| 8:17 pm on Aug 13, 2009 (gmt 0)|
Are you seeing the sitemap actually rank for keywords? Or is it just showing up in your site: query results? The main thing I'd suspect is that somewhere there is a link pointing to this sitemap file.
Here's a related thread on Google's forums, with a reply from Google's John Mueller (JohnMu)
|It looks like the URL of your Sitemap file is included in another one of your Sitemap files -- which is likely the reason we crawled and indexed it :). If you don't want them indexed, using the x-robots-tag HTTP header element is a great idea. An alternative would be to use a different Sitemap URL and remove this one with the URL removal tool. |
| 8:15 am on Aug 14, 2009 (gmt 0)|
Thanks for the reply.
I don't see them ranked for keywords, but using the site query shows it.
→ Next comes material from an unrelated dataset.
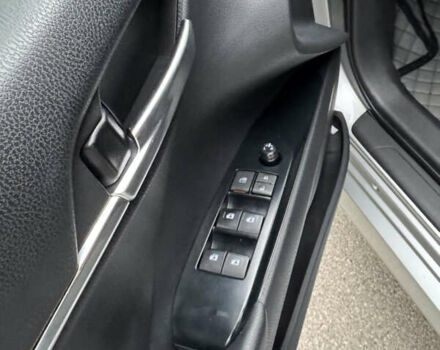 Серый Тойота Камри, объемом двигателя 2.49 л и пробегом 83 тыс. км за 18950 $, фото 17 на Automoto.ua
I am using the server based Google Sitemap Generator and there is no HTML link to the long (& generated) sitemap filename. It is ofcourse linked to in the Sitemap index that is automatically generated.
How can I implement a x-robots-tag for XML.GZ files?
and if I dissallow using robots.txt, will it not prevent Google from accessing my sitemap altogether? thereby nullifying it...
| 8:29 am on Aug 14, 2009 (gmt 0)|
You are not creating a Disallow rule in robots.txt. You are creating a noindex directive in the X-Robots http header - it's the equivalent of a noindex meta tag in an html head section.
Google MUST spider a page in order even to read the noindex meta tag, so this approach does not stop Google from using your Sitemap for its intended purpose. It only stops it from showing in the search results.
At the same time, if you are not getting any search traffic from the Sitemap's indexing, then you may want to just not worry about it.
Here is some more information about the X-Robots header:
WebmasterWorld Thread [webmasterworld.com]
Google Blog [googleblog.blogspot.com]
| 2:31 pm on Aug 14, 2009 (gmt 0)|
I was confused where to put the header since I had no control over the generation of the file!
The .htaccess magic does the trick! :)
| 5:39 pm on Aug 14, 2009 (gmt 0)|
"tedster" has referred to the thread I started in the Google forums. In my case, Google is actually directing real search traffic to my sitemap files. Not good. I added the "X-Robots-Tag" HTTP header for my XML sitemaps (with a "noindex, follow" value) about 2 weeks ago. The sitemaps are still in the SERPs, but I assume it will take several more weeks (or months) for this change to take effect.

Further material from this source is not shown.